Wednesday, September 30, 2009

DIY Crossdressing


Being a woman is, of course, a full time job. Especially if the title hasn't been inherently granted. DIY crossdressing resources online range from community-based tips from one crossdresser to another and for-profit, self-help fare such as Cross-dressing-guide.com, which bills itself as the paid alternative to free crossdressing websites that "still make me look like a dude." Cross-dressing-guide links to several products: books on Voice Feminization Technique, How to Look and Feel Great in a Bra (is it really that complicated?) and How to Whiten Your Skin DVDs (which must say something about femininity and whiteness). It promises to teach you how to "hide your ugly bulge", "smell like a real woman", "create your own face" and "how to package yourself." Who could resist? The lecture on how to whiten the skin seemed intriguing enough for me to Google "how to pass for white", to which there were literally no matches at all. Or, rather, no matches found.


1 comment:

  1. This is particularly interesting when looked at in line with the Gonzalez piece. I'll have to give these sites a closer look, but I wonder how many of the necessary signs for 'passing' as female are based off of specific social cues and gender norms. As in, how much of 'passing' involves donning the signifiers of gender, inhabiting the assigned role and potentially calcifying that role rather than undermining it.

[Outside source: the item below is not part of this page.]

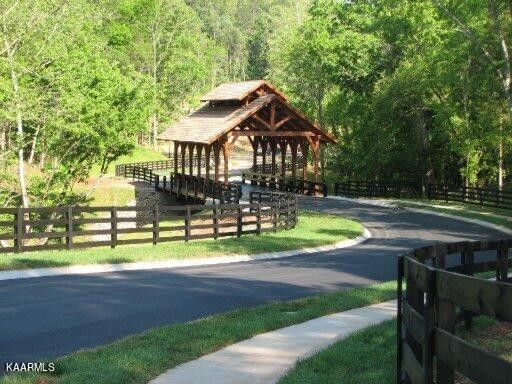 2451 Covered Bridge Blvd, Knoxville, TN 37932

    I know, when operating on online text-based roleplaying games, that the key to appearing female both as character and player is a simple matter of adopting a handful of gender signs. 'Giggle' on occasion, use exclamation points more often, display enthusiasm and classically feminine 'sassiness'. It sounds horrible, and honestly it sort of is, but it's terrifically effective. People who pride themselves at being able to peer past the mask and see the 'real' gender of the player are perennially fooled.

    That the appearance of femaleness/femininity is linked to these simple social signs (most of which are based on a degree of performative submission) at least in the case of text based communication points to the validity of the performative hypothesis - gender is something you act and communicate, not something you are. But since how you act/communicate comprises a great portion of internet interaction, the risk is that gender norms become, as the article points out, more pronounced, since they are the only indicators.

    The insertion of physicality, discussed in the other two articles, seems like a potentially saving feature, and I look forward to my better read colleagues discussing embodiment and the forms of resistance within.